Friday, April 17, 2009
TC: White Monkey
Das Affchen (The Little Monkey): Franz Marc, 1910 (Stadtische Galerie im Lenbachhhaus, Munchen)
Every day there are moments that do not seem to lead directly into the next moment. It must be those isolated moments, laid end to end, in which Zeno's arrow tries to cross the sky.
Since Zeno's arrow exists only inside his paradox, it can never land, and since, in those isolated moments, we too begin to take on the immateriality of a logical demonstration, there is no use in further discussion of that arrow.
A silence falls over the room.
All this is happening in a dream, or perhaps as if in a dream.

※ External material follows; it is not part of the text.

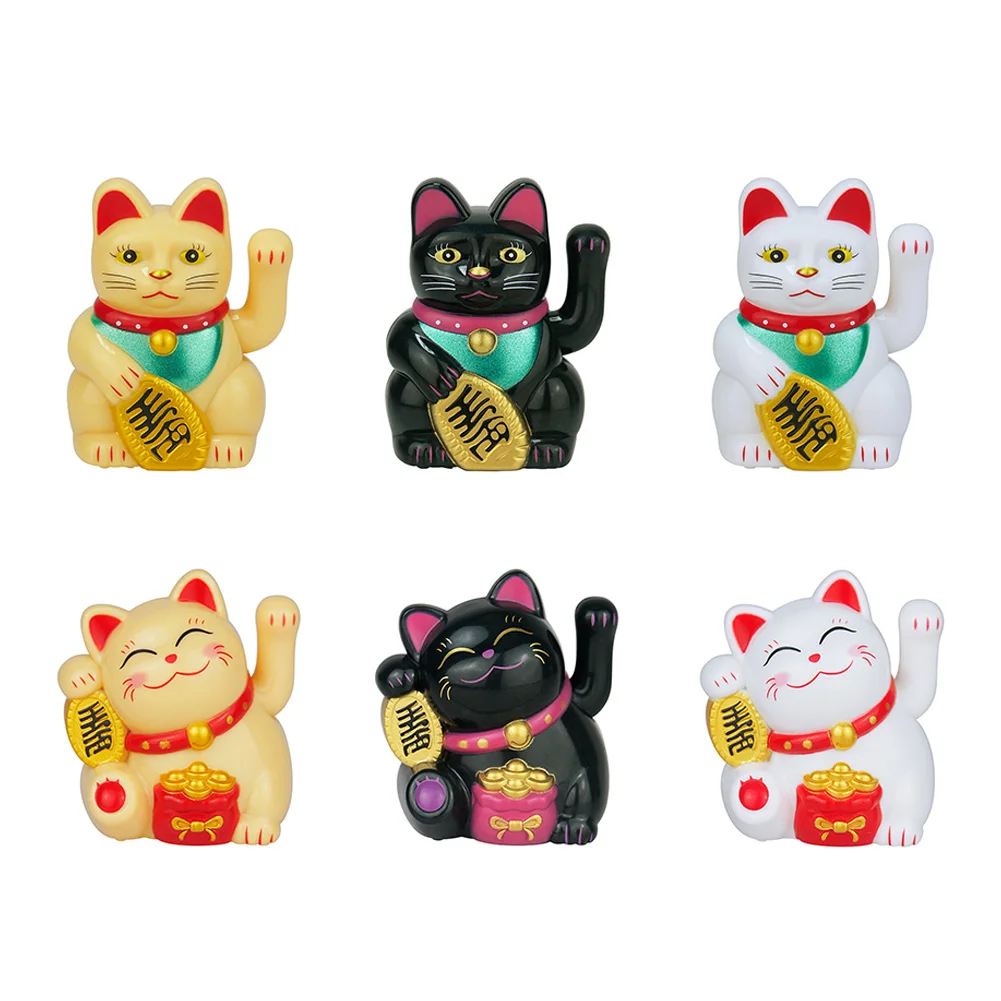 Mini Chinese Lucky Cat Waving Arm Solar Light Induction Statue Figurine 4.6x4.1x5.2cm For Home Car Ornaments Decoration big mouth cats storage box resin home decoration ornaments key phone candy desktop organizer lucky cat statue декор для дома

This is not the loud logical silence of a glacier but the muffled baffling silence of a dream. In the dream there is a forest, and in the forest there are monkeys whose bodies give off light.
We'll never visit the forest.
It makes more sense at the moment to think of a white monkey slowly fading back over a period of many long years into and gradually being absorbed by the surface--linen, paper, copper, wood--on which it is painted.

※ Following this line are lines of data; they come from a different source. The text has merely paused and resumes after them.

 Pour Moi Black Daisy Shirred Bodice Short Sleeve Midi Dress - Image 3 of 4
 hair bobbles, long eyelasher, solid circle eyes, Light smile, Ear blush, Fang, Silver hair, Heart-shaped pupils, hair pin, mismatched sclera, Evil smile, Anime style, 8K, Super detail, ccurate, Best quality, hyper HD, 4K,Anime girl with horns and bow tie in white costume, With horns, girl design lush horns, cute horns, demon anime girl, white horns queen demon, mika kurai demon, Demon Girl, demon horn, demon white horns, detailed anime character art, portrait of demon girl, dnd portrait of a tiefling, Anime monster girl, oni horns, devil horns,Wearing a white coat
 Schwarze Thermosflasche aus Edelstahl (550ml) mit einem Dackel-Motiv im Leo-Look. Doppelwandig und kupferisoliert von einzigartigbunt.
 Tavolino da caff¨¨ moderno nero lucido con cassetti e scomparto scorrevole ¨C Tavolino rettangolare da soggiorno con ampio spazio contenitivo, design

Or, perhaps, to think of the final note in a piece of music. The ripples of sound ebb away and finally there is no hint of reverberation left anywhere, silence fills the room.

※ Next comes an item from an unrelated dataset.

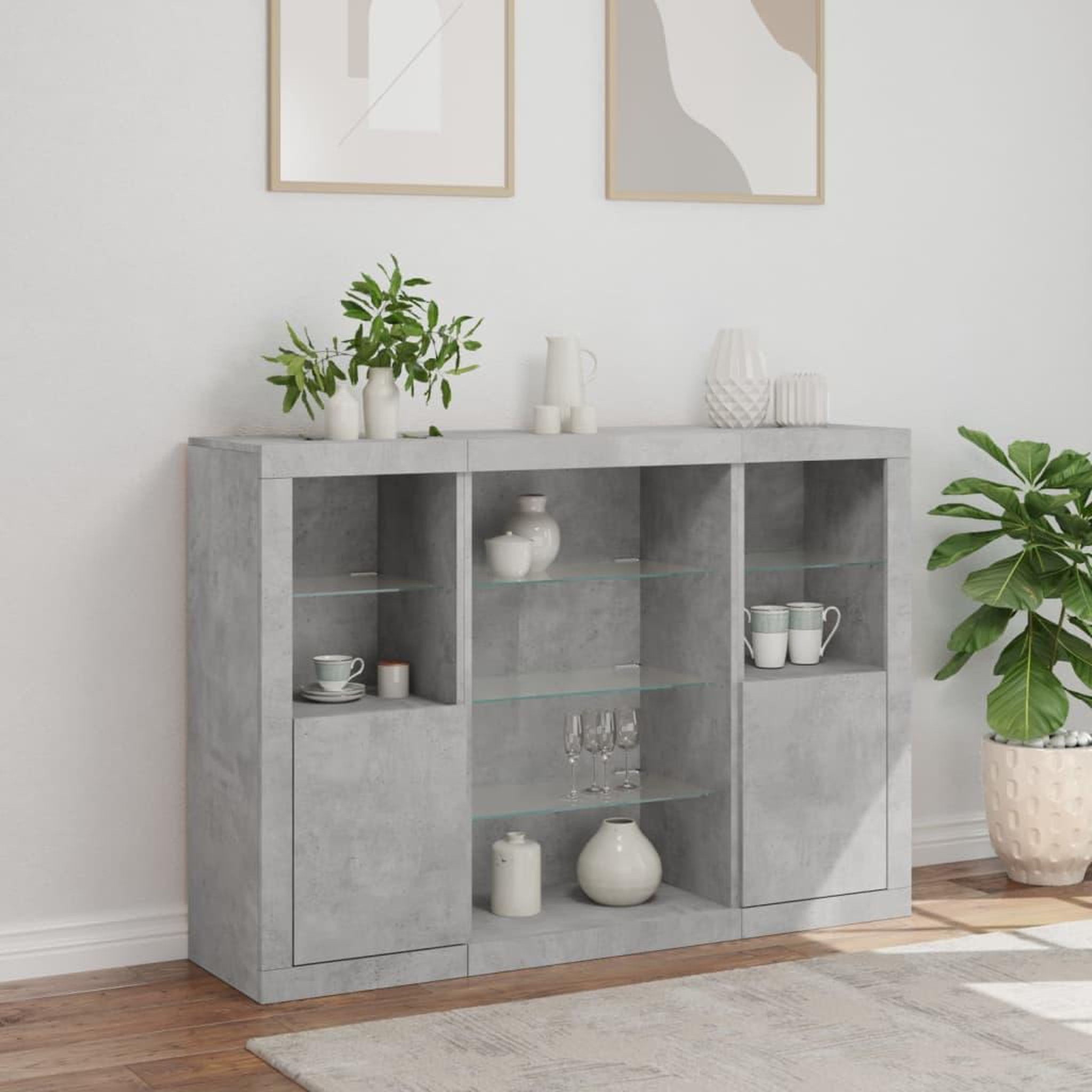 Voir la diapositive 4 : VIDAXL Buffets avec lumieres LED 3 pcs gris beton bois d'ingenierie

This is not the cold silence of a paradox but the warm silence of a terrarium kept continually alive and in motion as in a dream without the isolation of sleep. As this silence takes hold of us it appears we're meant to experience life on a dying planet by becoming aware of other life. But this will not be easy.
If a lion could talk, we would not understand him.
Whether or not the white monkey also has such dreams we shall never know.
Study of Birds and Monkeys (detail): Circle of Jan van Kessel, 1660-1670 (National Gallery of Art, Washington, D.C.)